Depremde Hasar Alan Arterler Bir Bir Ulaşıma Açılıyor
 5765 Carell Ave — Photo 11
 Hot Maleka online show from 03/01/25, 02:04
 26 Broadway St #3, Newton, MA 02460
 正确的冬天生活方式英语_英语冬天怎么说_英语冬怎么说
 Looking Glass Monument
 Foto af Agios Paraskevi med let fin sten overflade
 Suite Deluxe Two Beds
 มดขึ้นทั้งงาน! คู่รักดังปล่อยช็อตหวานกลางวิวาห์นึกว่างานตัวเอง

□ □ □

■ TASK TO CARRY OUT: Reproduce only the lines between the line containing "5765 Carell Ave — Photo 11" and the last line of the records, those two lines included, exactly.

■ EXERCISE RESPONSE:
 5765 Carell Ave — Photo 11
 Hot Maleka online show from 03/01/25, 02:04
 26 Broadway St #3, Newton, MA 02460
 正确的冬天生活方式英语_英语冬天怎么说_英语冬怎么说
 Looking Glass Monument
 Foto af Agios Paraskevi med let fin sten overflade
 Suite Deluxe Two Beds
 มดขึ้นทั้งงาน! คู่รักดังปล่อยช็อตหวานกลางวิวาห์นึกว่างานตัวเอง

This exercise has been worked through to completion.